Gov. Richardson Seeks NM-Cuba Trade

By Circles Robinson

US-Cuba trade potential is vast. Photo: Caridad

HAVANA TIMES, Aug. 26 – New Mexico Gov. Bill Richardson is in Cuba this week to seek a market for his state’s agricultural products and to promote cultural exchange.

Allowing Cuba to export to the US goes beyond the talks since the US economic blockade on the island totally forbids it.

It also keeps Cuban ships from transporting cargo between the two nations, something that was a daily affair before the 1959 revolution that Washington never approved of.

Sales of agricultural products are permitted for humanitarian reasons, instituted in December 2001, after the island’s main crops were devastated by Hurricane Michelle, however the conditions are highly unfavorable for Cuba.  Purchases must be in cash without financing.

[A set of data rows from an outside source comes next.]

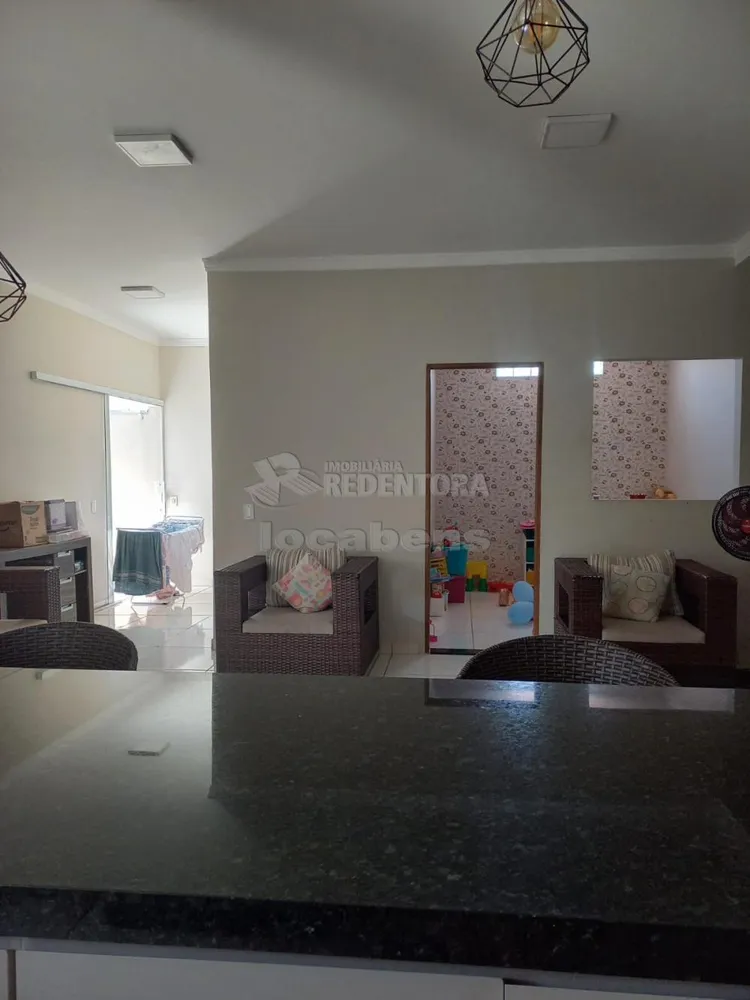 Casa, 3 quartos, 150 m² - Foto 3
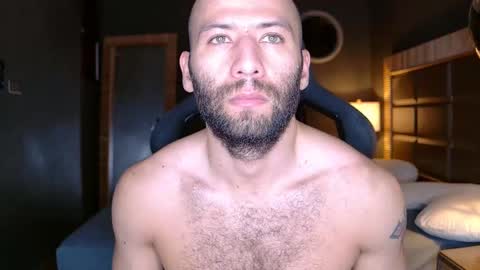 Justin online show from February 24, 10:26 am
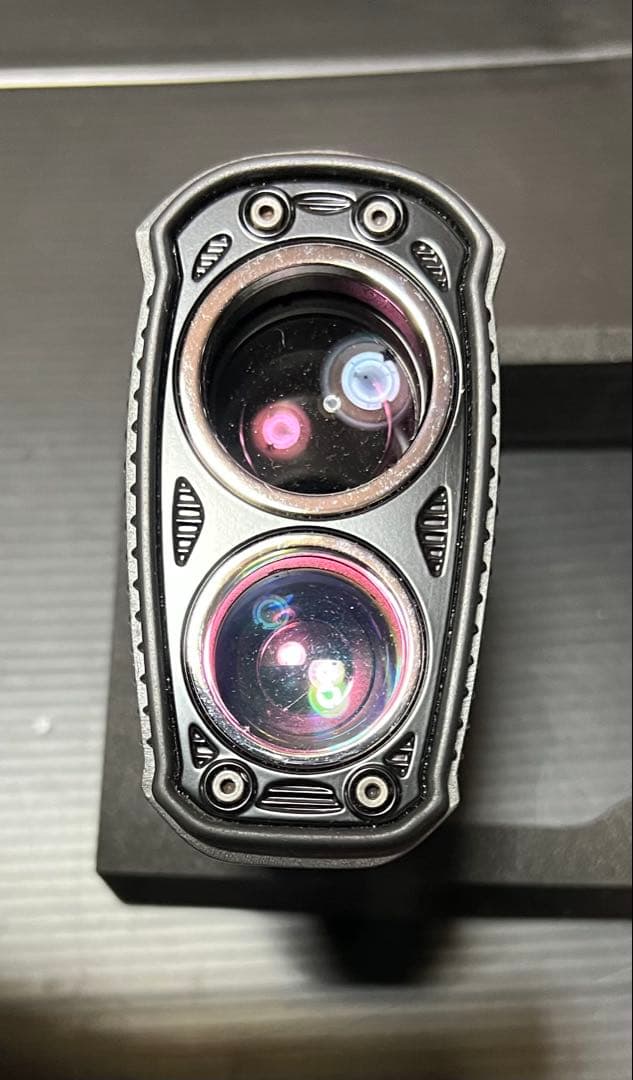 ブッシュネルpro ＥＸ　Ｂushnell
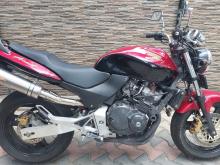 Honda Hornet Ch 150 2024 Motorbike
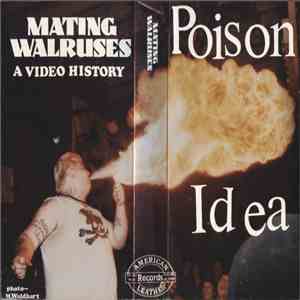Poison Idea - Mating Walruses mp3 album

Nonetheless, the limited -compared to the potential- commerce has served as a wedge whereby both US producers, exporters and a growing number of Congress people and Cuban representatives and strategists have joined to try and bring a new era of restored normalized trade between the two neighboring countries.

During the following years of the George W. Bush administration, when US-Cuba relations hit rock bottom, the agricultural sales continued but any hopes of expanded two-way trade or restored diplomatic relations was off the table.

While some talks have reportedly taken place behind the scenes between officials of the Castro and Obama governments, to date the US president has, like his ten predecessors in the White House, maintained the economic stranglehold on the island as well as the travel ban on ordinary US citizens from visiting Cuba.